- _WHAT IS REQUIRED_
Restate the whole of the data verbatim, omitting nothing.

- _Records from a data source_
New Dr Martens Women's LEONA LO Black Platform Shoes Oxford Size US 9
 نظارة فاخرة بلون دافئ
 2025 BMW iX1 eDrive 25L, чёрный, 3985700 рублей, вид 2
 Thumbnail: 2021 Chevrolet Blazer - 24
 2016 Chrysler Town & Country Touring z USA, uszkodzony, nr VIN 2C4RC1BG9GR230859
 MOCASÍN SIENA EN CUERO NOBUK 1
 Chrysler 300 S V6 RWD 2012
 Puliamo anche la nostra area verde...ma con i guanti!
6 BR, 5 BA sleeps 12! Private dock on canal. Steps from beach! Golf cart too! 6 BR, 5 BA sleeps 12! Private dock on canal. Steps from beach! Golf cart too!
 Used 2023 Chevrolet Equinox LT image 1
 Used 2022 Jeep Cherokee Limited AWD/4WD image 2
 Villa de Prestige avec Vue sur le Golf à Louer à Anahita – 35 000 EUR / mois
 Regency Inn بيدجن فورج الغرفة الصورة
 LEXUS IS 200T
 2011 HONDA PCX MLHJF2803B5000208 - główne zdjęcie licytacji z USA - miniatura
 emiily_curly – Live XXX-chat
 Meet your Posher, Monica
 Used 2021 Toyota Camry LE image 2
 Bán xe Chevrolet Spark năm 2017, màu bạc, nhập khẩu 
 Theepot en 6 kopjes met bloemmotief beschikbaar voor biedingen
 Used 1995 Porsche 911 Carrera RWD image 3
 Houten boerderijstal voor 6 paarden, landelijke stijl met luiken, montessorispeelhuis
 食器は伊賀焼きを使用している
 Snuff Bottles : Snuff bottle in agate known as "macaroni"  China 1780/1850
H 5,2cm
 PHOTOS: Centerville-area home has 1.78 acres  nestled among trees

- _EXPECTED ANSWER_
New Dr Martens Women's LEONA LO Black Platform Shoes Oxford Size US 9
 نظارة فاخرة بلون دافئ
 2025 BMW iX1 eDrive 25L, чёрный, 3985700 рублей, вид 2
 Thumbnail: 2021 Chevrolet Blazer - 24
 2016 Chrysler Town & Country Touring z USA, uszkodzony, nr VIN 2C4RC1BG9GR230859
 MOCASÍN SIENA EN CUERO NOBUK 1
 Chrysler 300 S V6 RWD 2012
 Puliamo anche la nostra area verde...ma con i guanti!
6 BR, 5 BA sleeps 12! Private dock on canal. Steps from beach! Golf cart too! 6 BR, 5 BA sleeps 12! Private dock on canal. Steps from beach! Golf cart too!
 Used 2023 Chevrolet Equinox LT image 1
 Used 2022 Jeep Cherokee Limited AWD/4WD image 2
 Villa de Prestige avec Vue sur le Golf à Louer à Anahita – 35 000 EUR / mois
 Regency Inn بيدجن فورج الغرفة الصورة
 LEXUS IS 200T
 2011 HONDA PCX MLHJF2803B5000208 - główne zdjęcie licytacji z USA - miniatura
 emiily_curly – Live XXX-chat
 Meet your Posher, Monica
 Used 2021 Toyota Camry LE image 2
 Bán xe Chevrolet Spark năm 2017, màu bạc, nhập khẩu 
 Theepot en 6 kopjes met bloemmotief beschikbaar voor biedingen
 Used 1995 Porsche 911 Carrera RWD image 3
 Houten boerderijstal voor 6 paarden, landelijke stijl met luiken, montessorispeelhuis
 食器は伊賀焼きを使用している
 Snuff Bottles : Snuff bottle in agate known as "macaroni"  China 1780/1850
H 5,2cm
 PHOTOS: Centerville-area home has 1.78 acres  nestled among trees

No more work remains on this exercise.